The Kremlin’s priority has been to stop the angry voices of grieving families and anti-war activists from gathering and gaining traction. Reports of war dead could discourage Russia’s increasingly urgent recruiting efforts, pulling out prisoners with military experience and offering high-paying deployment contracts.

Homeland Security agents visited Dmitry Shkrebets this summer after he accused Russian authorities of lying about the number of sailors who died when the Black Sea flagship Moskva was sunk by Ukrainian missiles on April 13. Her son Yegor, one of the conscripts on board, was listed as “missing”. .” Officers accused Shkrebets of making bomb threats and confiscated his laptop, as he detailed on VKontakte, the Russian version of Facebook.
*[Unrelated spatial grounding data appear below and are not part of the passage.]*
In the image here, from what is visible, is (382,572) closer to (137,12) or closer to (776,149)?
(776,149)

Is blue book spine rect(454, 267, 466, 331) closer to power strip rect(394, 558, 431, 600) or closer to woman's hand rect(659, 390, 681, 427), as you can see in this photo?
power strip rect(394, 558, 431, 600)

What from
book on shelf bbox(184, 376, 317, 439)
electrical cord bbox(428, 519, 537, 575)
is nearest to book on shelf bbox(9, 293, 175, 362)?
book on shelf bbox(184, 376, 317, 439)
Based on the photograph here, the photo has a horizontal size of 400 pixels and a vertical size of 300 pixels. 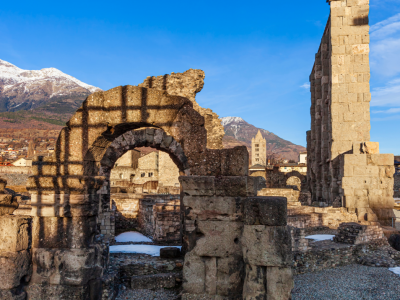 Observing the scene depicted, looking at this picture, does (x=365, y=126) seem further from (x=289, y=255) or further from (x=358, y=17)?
(x=289, y=255)

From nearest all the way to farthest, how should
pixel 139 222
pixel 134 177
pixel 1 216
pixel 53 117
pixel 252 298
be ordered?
1. pixel 252 298
2. pixel 1 216
3. pixel 139 222
4. pixel 134 177
5. pixel 53 117

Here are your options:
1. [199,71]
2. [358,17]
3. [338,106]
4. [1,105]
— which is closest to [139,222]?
[199,71]

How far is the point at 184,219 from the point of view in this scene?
4.86 meters

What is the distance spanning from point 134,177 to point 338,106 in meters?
26.1

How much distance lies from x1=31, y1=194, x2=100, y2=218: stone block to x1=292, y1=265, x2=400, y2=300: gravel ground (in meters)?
5.40

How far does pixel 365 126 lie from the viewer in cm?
1578

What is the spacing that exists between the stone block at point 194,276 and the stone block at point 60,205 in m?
2.01

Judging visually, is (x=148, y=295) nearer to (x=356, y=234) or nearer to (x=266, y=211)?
(x=266, y=211)

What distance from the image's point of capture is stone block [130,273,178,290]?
244 inches

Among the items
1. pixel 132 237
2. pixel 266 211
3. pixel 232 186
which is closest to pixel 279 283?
pixel 266 211

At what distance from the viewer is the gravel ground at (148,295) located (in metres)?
5.77

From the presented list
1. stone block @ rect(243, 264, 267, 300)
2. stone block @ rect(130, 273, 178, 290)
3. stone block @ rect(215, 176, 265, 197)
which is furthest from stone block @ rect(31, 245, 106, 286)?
stone block @ rect(243, 264, 267, 300)

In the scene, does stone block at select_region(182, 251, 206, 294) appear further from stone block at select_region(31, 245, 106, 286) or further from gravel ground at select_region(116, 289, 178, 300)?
stone block at select_region(31, 245, 106, 286)

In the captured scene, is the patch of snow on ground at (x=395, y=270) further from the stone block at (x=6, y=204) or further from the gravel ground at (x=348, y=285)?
the stone block at (x=6, y=204) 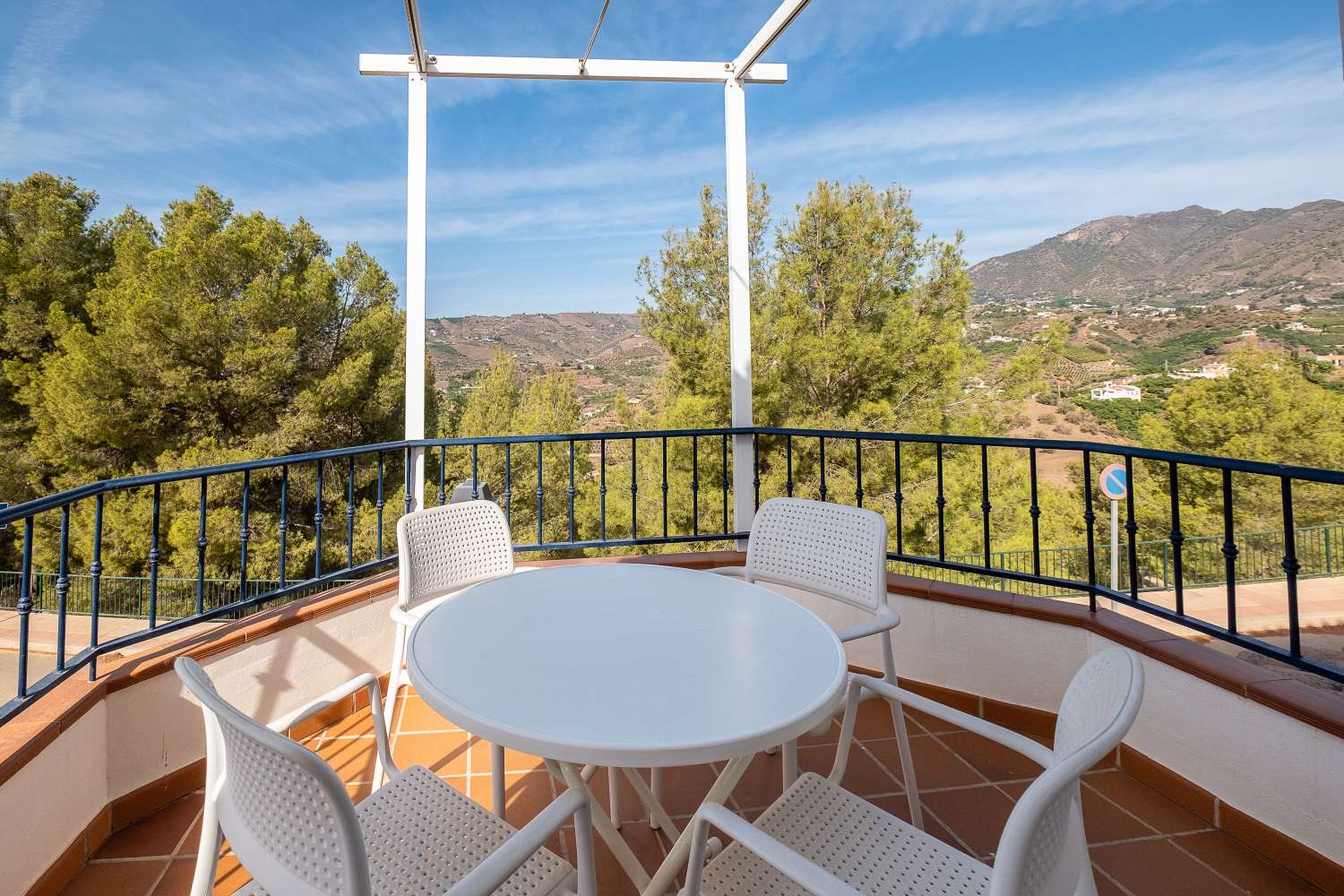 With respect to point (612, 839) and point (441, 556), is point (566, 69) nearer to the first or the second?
point (441, 556)

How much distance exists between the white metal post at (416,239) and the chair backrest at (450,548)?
3.97 ft

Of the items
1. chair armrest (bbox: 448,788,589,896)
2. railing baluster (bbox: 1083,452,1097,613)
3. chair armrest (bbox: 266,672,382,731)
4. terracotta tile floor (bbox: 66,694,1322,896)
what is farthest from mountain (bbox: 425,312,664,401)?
chair armrest (bbox: 448,788,589,896)

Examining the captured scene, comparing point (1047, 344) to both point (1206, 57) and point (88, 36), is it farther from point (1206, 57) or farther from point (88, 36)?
point (88, 36)

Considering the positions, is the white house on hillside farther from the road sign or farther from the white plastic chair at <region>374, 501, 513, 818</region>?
the white plastic chair at <region>374, 501, 513, 818</region>

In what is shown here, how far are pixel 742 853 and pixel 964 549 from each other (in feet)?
35.0

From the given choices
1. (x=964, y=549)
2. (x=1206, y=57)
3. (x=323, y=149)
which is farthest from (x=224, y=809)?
(x=1206, y=57)

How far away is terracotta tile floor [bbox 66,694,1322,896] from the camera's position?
5.18 ft

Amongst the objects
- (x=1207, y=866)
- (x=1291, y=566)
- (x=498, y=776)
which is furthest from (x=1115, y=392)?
(x=498, y=776)

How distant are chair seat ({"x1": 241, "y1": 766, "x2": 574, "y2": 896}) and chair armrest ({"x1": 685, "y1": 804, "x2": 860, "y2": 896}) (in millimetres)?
243

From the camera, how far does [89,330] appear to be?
486 inches

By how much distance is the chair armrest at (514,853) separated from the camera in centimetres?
76

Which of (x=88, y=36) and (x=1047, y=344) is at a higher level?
(x=88, y=36)

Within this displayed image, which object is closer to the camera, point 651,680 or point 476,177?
point 651,680

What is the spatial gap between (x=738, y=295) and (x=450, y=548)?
218cm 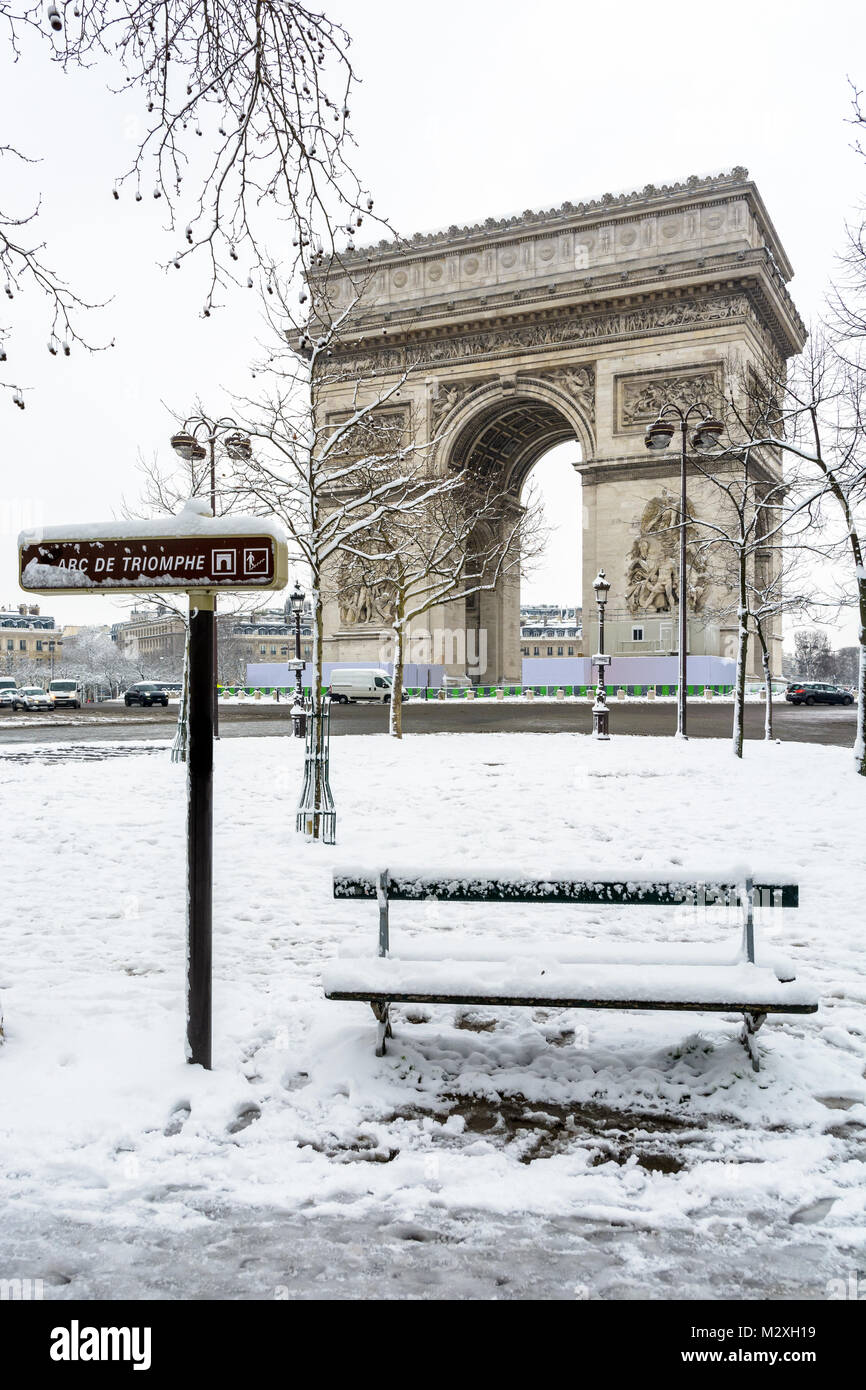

On Tuesday, 111 days after Yegor’s death, the army finally gave his father a death certificate.

“It will never be easier,” Shkrebets wrote in a post. “There will never be true joy. We will never be the same again. We have become different, we have become more unhappy, but also stronger, tougher. We no longer fear even those who should be feared.

But independent analyst Bobo Lo of the Lowy Institute, an Australian think tank, believes the Kremlin has largely contained the risk of unrest in the face of the high death toll. Because most people are so cautious about voicing their dissent, it’s hard to gauge the true level of support for the war. The VCIOM pollster, which is close to government authorities, reported in June that 72% of Russians supported the fighting.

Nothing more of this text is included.